Quando falamos do público do futebol, as arenas projetam um padrão de comportamento e poder de consumo muito específico: atomizado, meramente espectador e especificamente capaz de despender recursos financeiros e vários produtos para além do espetáculo esportivo em si.

Uma praça desportiva tomada de cadeiras seria útil para moldar o público do futebol. Se por um lado desestimularia ou sufocaria as tradicionais práticas festivas de torcer – ruidosas, desordenadas, violentas, amendrontadoras –, por outro provocaria a substituição desse público – elitizado, domesticado, “higienizado” e silencioso.

Apesar de parecer uma resposta à violência no futebol, na realidade é a “arenização” que se vale dessa temática para se expandir. Havia (e ainda há) algum tipo de crença de que a instalação em si seria capaz de contribuir com esse problema. Como sabemos, nem no Brasil, nem na Alemanha, tampouco na Inglaterra, esse tipo de modernização estrutural foi útil por si só – senão ao tornar o ingresso caro ao ponto de ser mais fácil adquirí-lo sendo um turista do que sendo um torcedor local.

Cogitando a “desarenização”

Evidente que quando falamos de “desarenização”, não estamos especulando que há algum interesse em voltar ao antigo modelo de estádios da parte de quem dirige nosso clubes e federações – modelo que por si só apresenta uma série de problemas concretos, mesmo aos torcedores menos domesticados.

Quando sugerimos a ideia de “desarenização”, cogitamos que esses “retornos” são, em alguma medida, um atestado do fracasso do projeto inicial de “arenização”. Em uma mão, o fracasso financeiro, quando a própria lógica multiuso teima em não se estabelecer no Brasil.
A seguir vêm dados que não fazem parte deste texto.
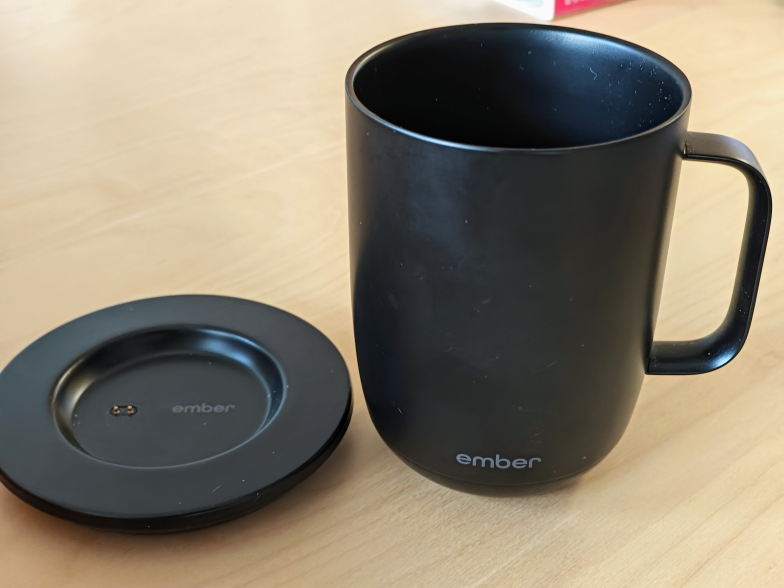 Ember Temperature Control Smart Mug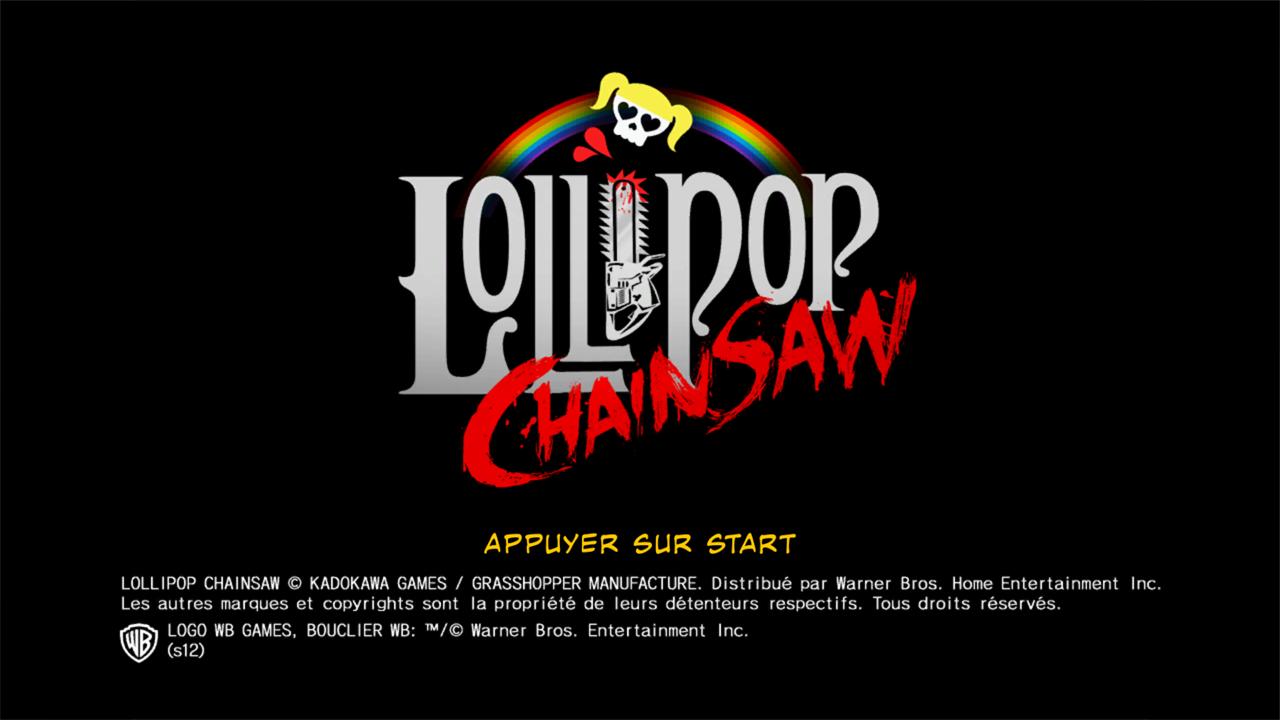 Screenshot Lollipop Chainsaw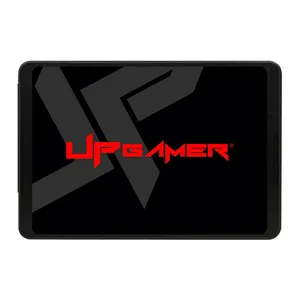 SSD UP Gamer UP500, 120GB, 2.5, Sata III 6GB/s, Leitura 550 MB/s, Gravacao 450MB/s, UP500-120GB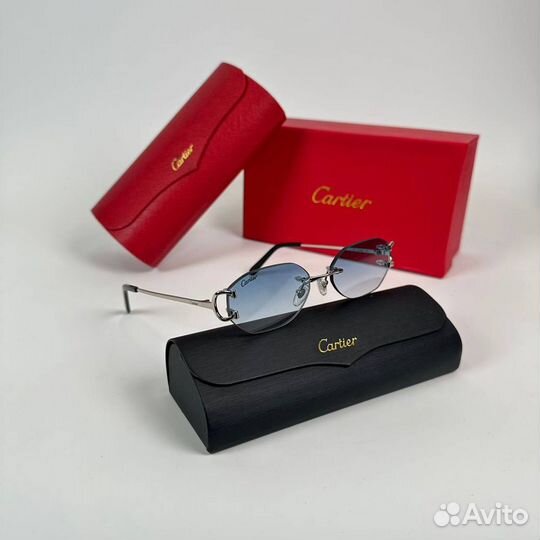 Очки Cartier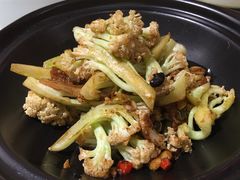 菜花-四季小馆·地道北京小吃(广百店)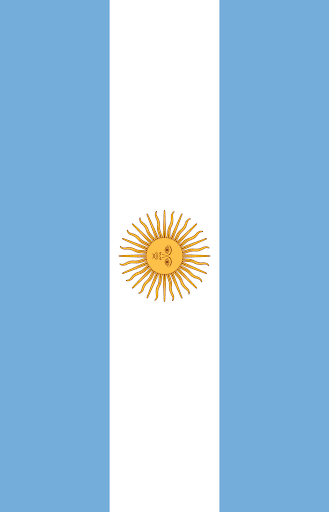Linterna de Argentina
Na outra mão, o fracasso político e sociocultural, porque a tentativa de “mudar a cultura do torcedor” foi, felizmente, uma mera ilusão.

Duas motivações financeiras justificam a aceitação de uma “descadeirização” de um setor festivo: o aumento da capacidade do setor (que também permite cobrar valores maiores em outros setores com cadeiras) e o prejuízo injustificável com assentos que quebram porque estão em lugares onde ninguém quer sentar.

Mas não dá para se resumir às motivações financeiras mais imediatas. Entramos na janela de meses em que todas as arenas da Copa do Mundo estão completando 10 anos de existência; portanto faz sentido que algum tipo de aprendizado finalmente tenha acontecido entre os que decidem as coisas no futebol brasileiro – principalmente quando se dão ao direito de escutar os torcedores.

A cultura torcedora festiva, ruidosa, agitada não vai acabar, porque elabora uma disputa à parte nas arquibancadas. Talvez tenha mesmo uma tendência natural a se aprofundar com as nova gerações, especialmente os mais jovens, sempre extasiados com as façanhas das suas torcidas nas coreografias, baterias e cânticos – e as redes sociais servem como elemento disparador e retroalimentador desse fascínio. Frise-se: com um público cada vez mais feminino e LGBTQIA+.